- What the task requires -
An exact copy of the data is needed, but without any of its images.

- Given information -

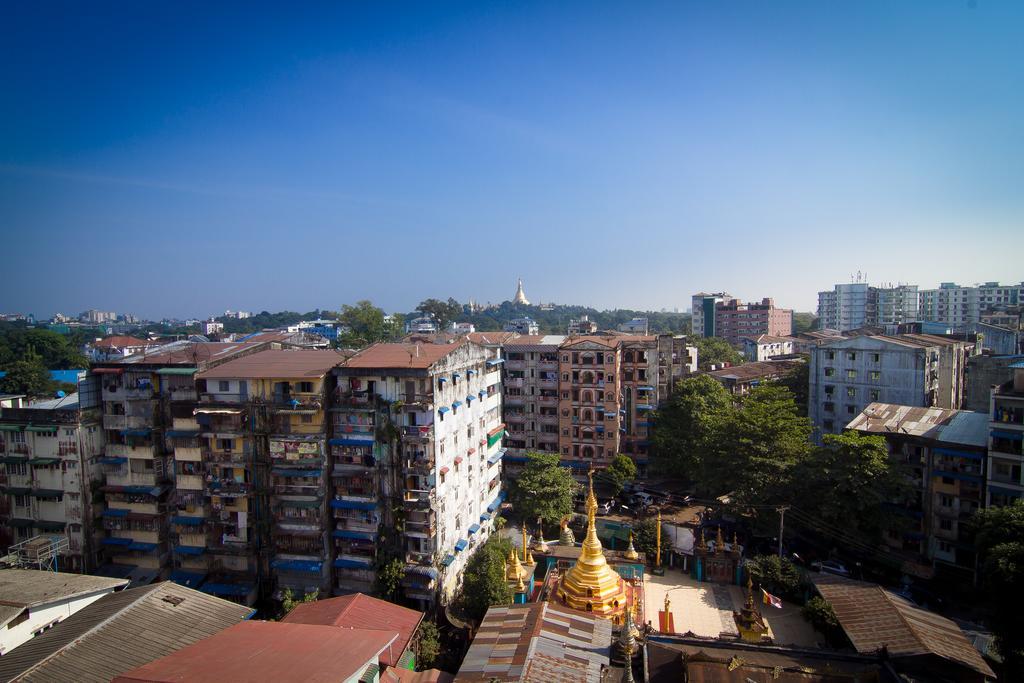 Hotel Accord Yangon Exterior foto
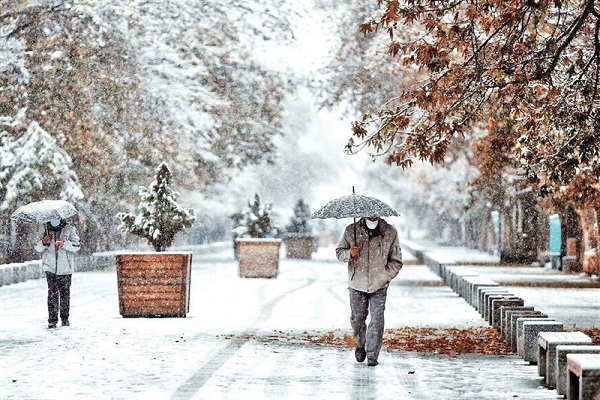 هشدار قرمز هواشناسی/ برف و باران کشور را فرا می‌گیرد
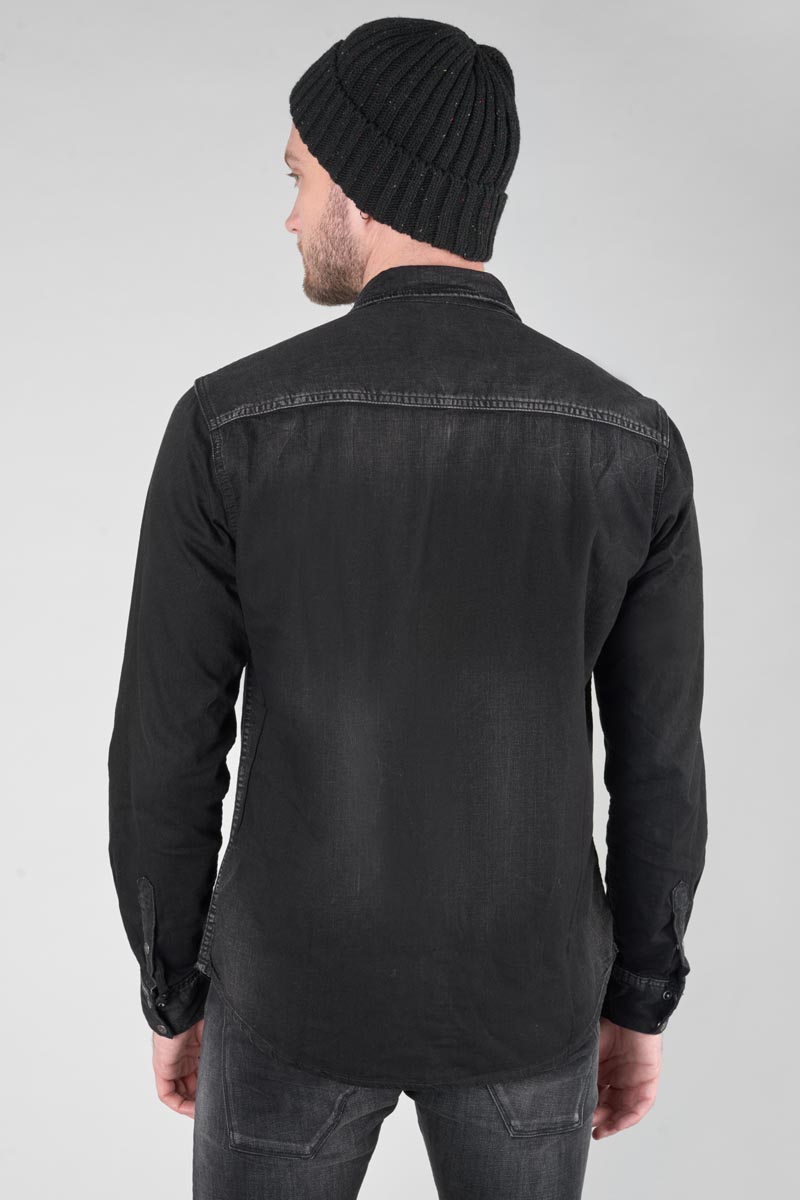 Hemd Juanito in schwarz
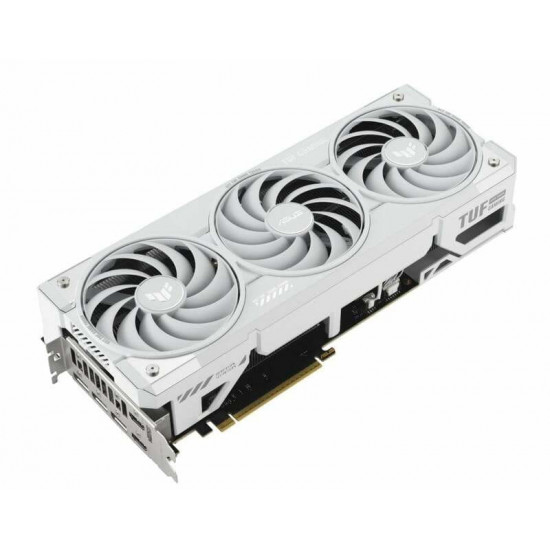 Відеокарта GF RTX 5070 Ti 16GB GDDR7 TUF Gaming OC White Asus (TUF-RTX5070TI-O16G-WHITE-GAMING)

- Exercise solution -
 Hotel Accord Yangon Exterior foto
 هشدار قرمز هواشناسی/ برف و باران کشور را فرا می‌گیرد
 Hemd Juanito in schwarz
 Відеокарта GF RTX 5070 Ti 16GB GDDR7 TUF Gaming OC White Asus (TUF-RTX5070TI-O16G-WHITE-GAMING)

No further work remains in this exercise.